The search results would only need to let the user know from which book the snippet comes, and then it is up to the user herself to purchase the book, borrow it from a library, or obtain it in other ways.

I can not think of a better way to humanize the web.

  • Vlad replied to this.

    I think the idea is great but your title is misleading. It seems to assume that Kagi already does this. As a result, this thread might not really get the traction you are looking for.

    • carl replied to this.

      blosh Good point, I will try to change my title. Edit: I hope the new title is better.

        carl changed the title to Have Kagi index the content of all the books on the internet .

          carl Interesting idea thanks. Can you give a few use cases for searches that would be much improved if we had this? are you perhaps looking for a way to "talk" to these books instead (with an AI)?

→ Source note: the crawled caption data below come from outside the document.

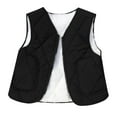 thumbnail image 3 of Children's Winter Vest Toddler Tween Boys Girls Fleece-lined Thickened Warm Vests Children's Clothing Outerwear Sports Casual Tops Black 5 Years, 3 of 7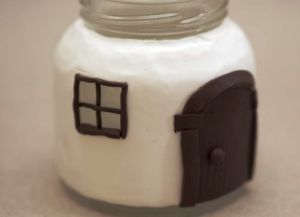 fantastiche case di lattine e argilla polimerica 4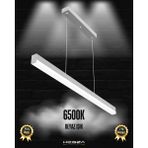 Hegza Lighting Magro 80cm (Gri Kasa, Beyaz Işık) Ledli Sarkıt Lineer Modern LED Avize, Salon, Mutfak, Masa Üstü Avize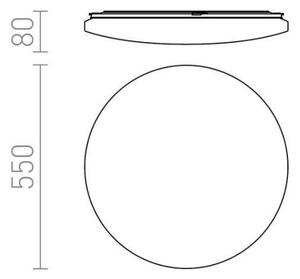 RED - Design Rendl - R12434 - LED Stropní svítidlo SEMPRE LED/56W/230V kulatý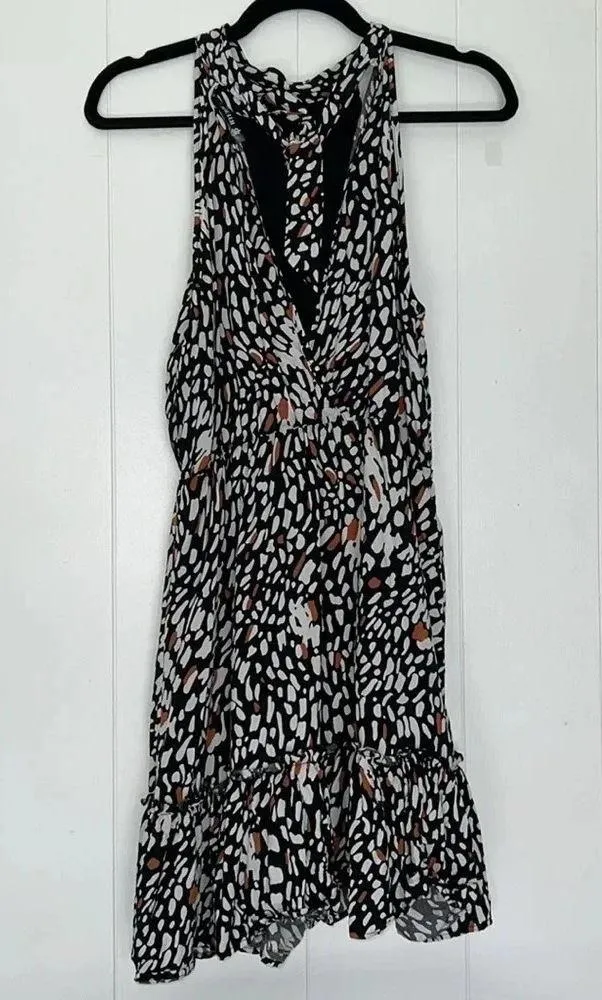 BTFBM Women’s Halter Neck Tie Mini Dress Y11 Size M - Image 2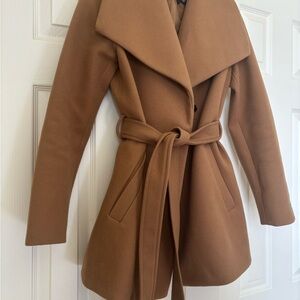 Tahari Wrap Coat Women's in Camel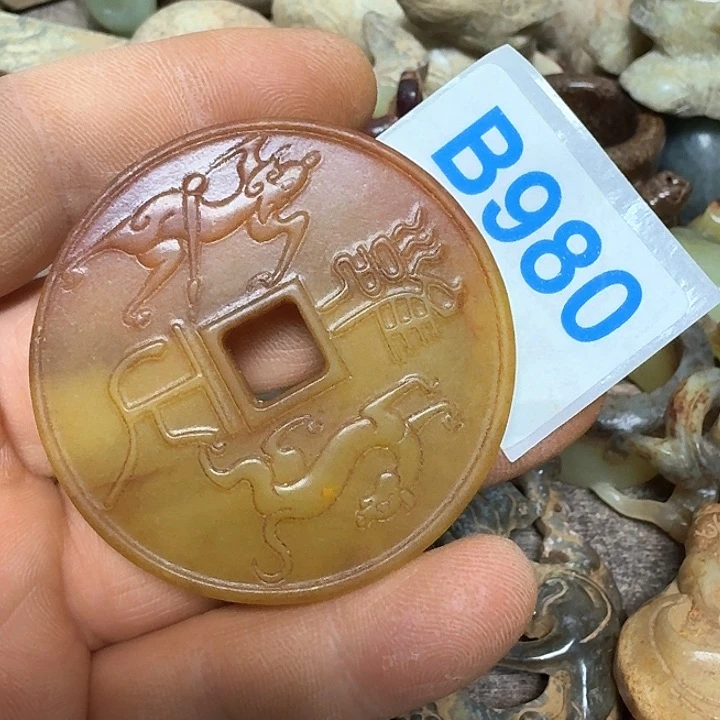 和田玉笔搁未镶嵌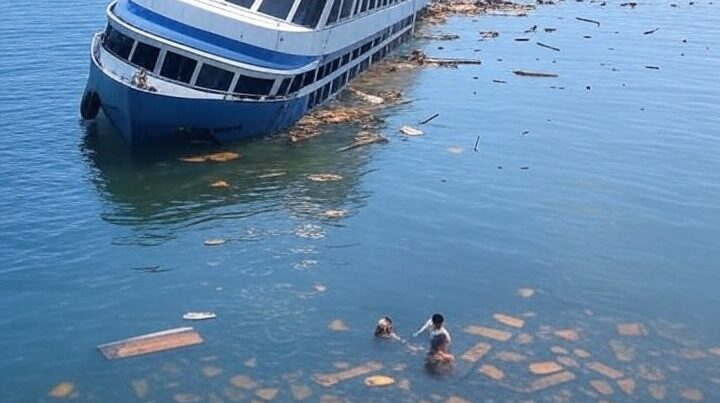 Tragedia del mare in Indonesia: un traghetto turistico affonda vicino a Bali, almeno 4 morti e 38 dispersi
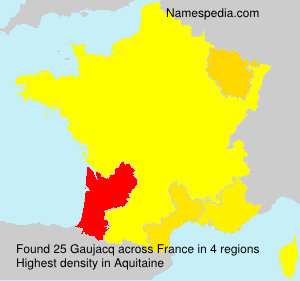 Surname Gaujacq in France Surname Gaujacq in France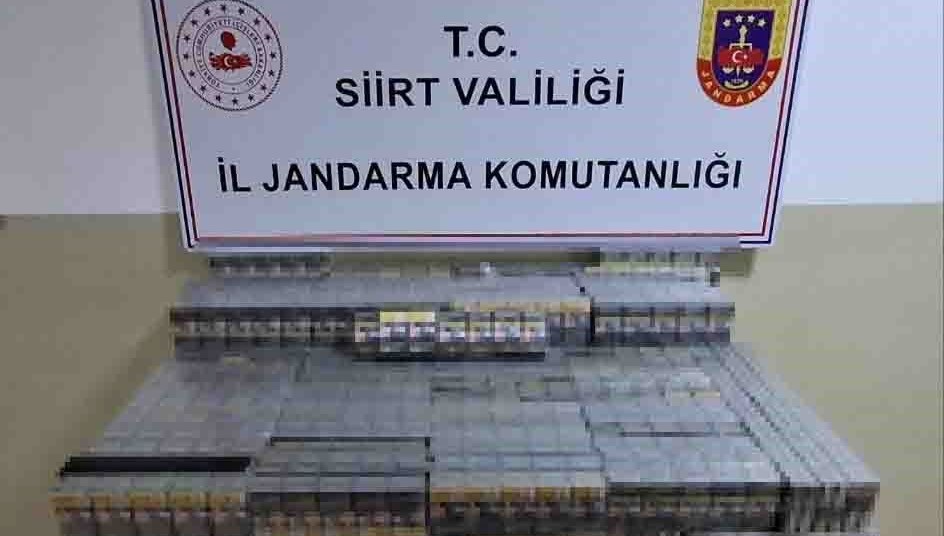 Siirt’te uyuşturucu ve kaçak sigara operasyonu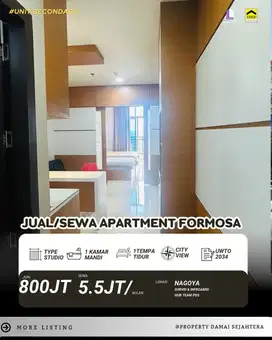 Dijual Atau Sewa Studio apartment Formosa Residence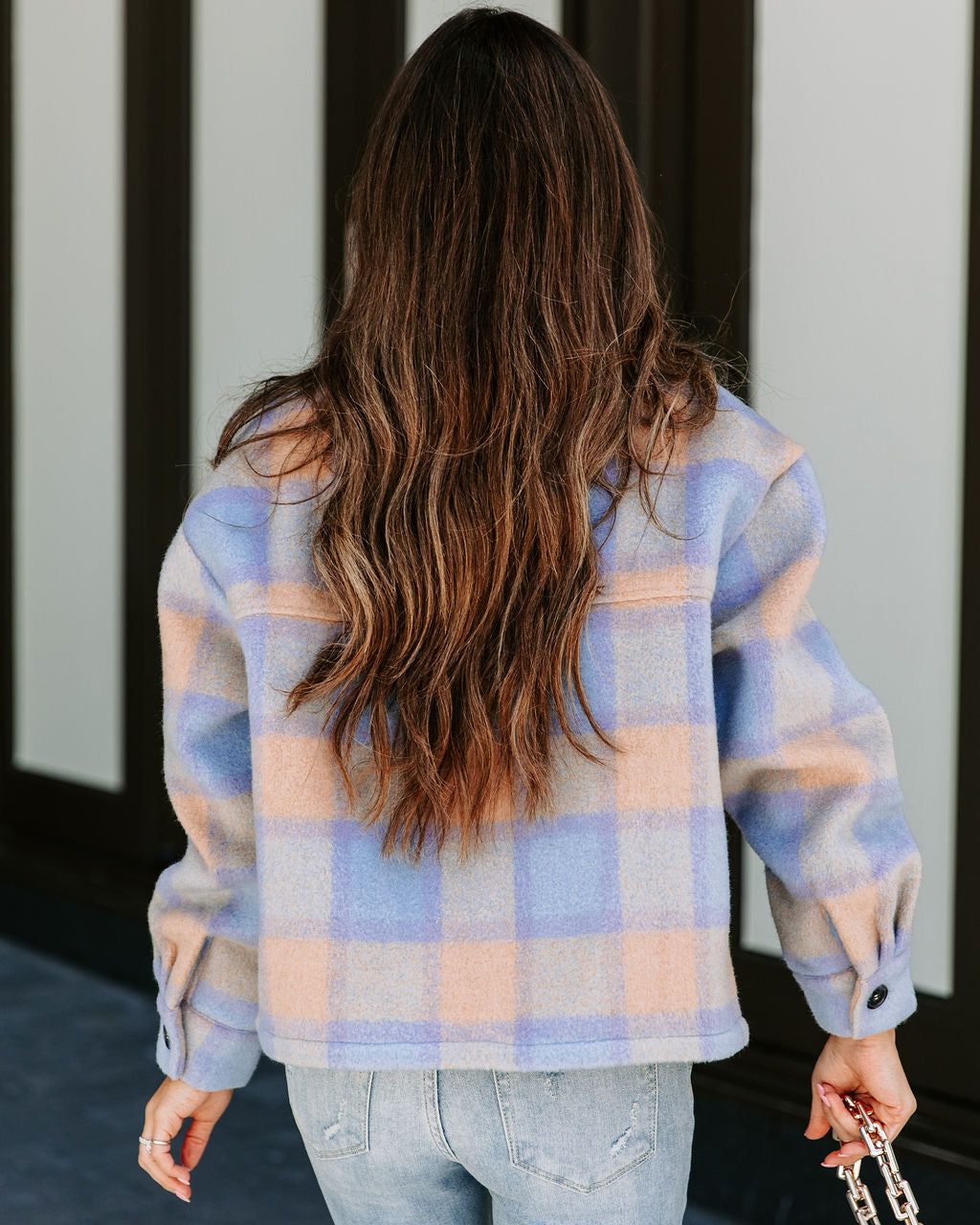 All Snuggled Up Plaid Jacket - FINAL SALE sold by Vici product image thumbnail 4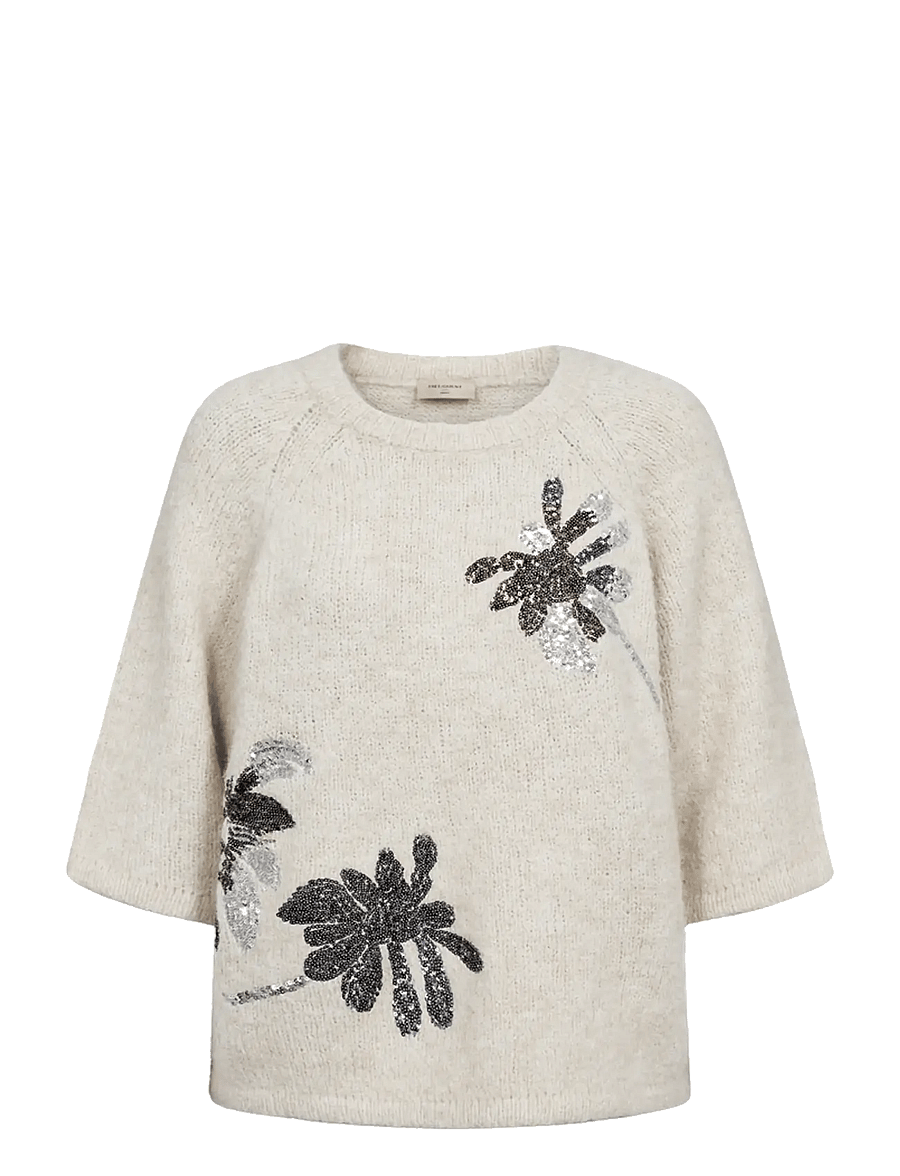 FREE/QUENT - FQGRSKRELA-PULLOVER - moonbeam mel. w. silver - 1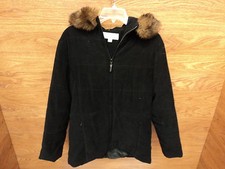 Chaqueta Abrigo Jones New York Acento Piel Poliéster 100% Mujer Adulto 8 Negros Sólido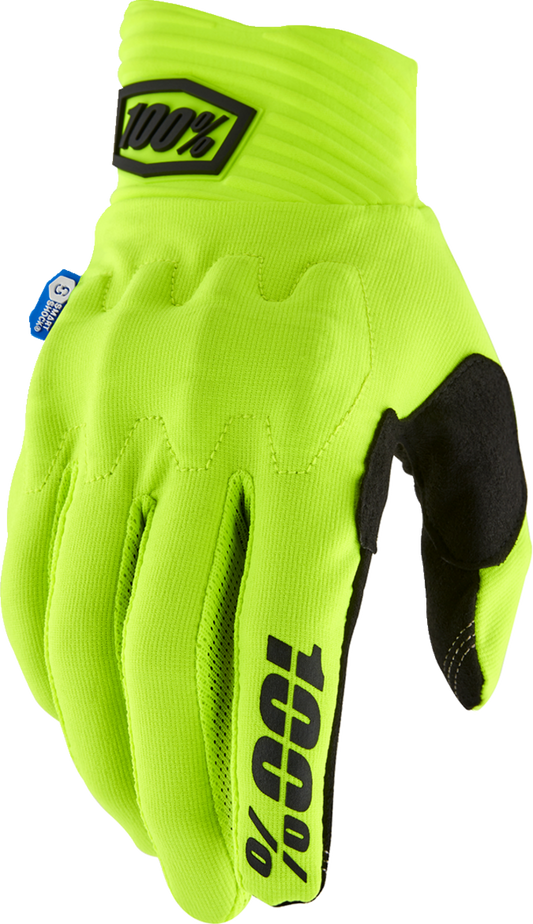 Cognito Smart Shock Gloves - Fluorescent Yellow - 2XL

          • carl replied to this.

            It might be worth checking if Google allows their book scans to be usable by corporate entities. Replacement Documents would be nice to look into supporting, as they specialize in manuals and guides for old software. This latter source would be good for giving the AI some training when it comes to recognizing different fonts, text in pictures, and so forth.

            Definitely want Kagi AI to be able to look at online books and give responses about them. There is Gamefaqs, which has text guides for many games, sometimes with multiple people making separate observations on the subject matter. Having Kagi AI look at each guide for a game would be handy.

            Mhm. Come to think of it, maybe collaboration with Fantasy Grounds to offer Kagi as an aide might be good to pursue someday? Fantasy Grounds is a virtual tabletop software, used to play roleplaying games. They sell digital books filled with rules and lore, which in turn are usable within the software. Having the Kagi AI being a search engine for those owned books within Fantasy Grounds would be very useful, and spread the word about Kagi.

            Vlad Not really. I'm looking for books being treated as first-class search results and be judged by the relevance of their content in the same way as a web page.

            Practically I think the best presentation would be a snippet of the relevant text, with the book and author name, maybe chapter if possible.

            As for an example, let's take the easiest, a search query relating to the Bible: "The parable of the talents". The Kagi results are fine, but I think the actual quote with a reference to the book is the most desired result. Now it is second after Wikipedia.

            Another example query: "fur taxes in Kamchatka". The Kagi results is okay, with a relevant Wikipedia article, and the second result seems to be adequate as well. The third result is spam and the rest of the results seem OK. I think a snippet or quote from a book describing "fur taxes in Kamchatka" should be somewhere in the search results, with a reference to which book. Why not?

            For a lot of historical accounts, the web contains only references and derivative work, when the books have been there for a long time.

            Another query example: "Benjamin Franklin's first newspaper": I'd like to see a snippet from his own account about this from his autobiography in the search results.

            Another query example: "sinking of the endeavour" - Here again I'd like to have a snippet or reference to the first-hand account from any of the several books that were published by the people who saw it.

            Not to mention manuals, guides and instructions for everything under the sun. How about a tour guide to your favorite place from the year 1975? You will not find anything like that on the web, since that is info that needs to stay always current.

            Knowledge has travelled from spoken to letters to books to web and now with YouTube it is going back to spoken again. Indexing books and YouTube is to me as important as indexing the web. Past, present and future in a way.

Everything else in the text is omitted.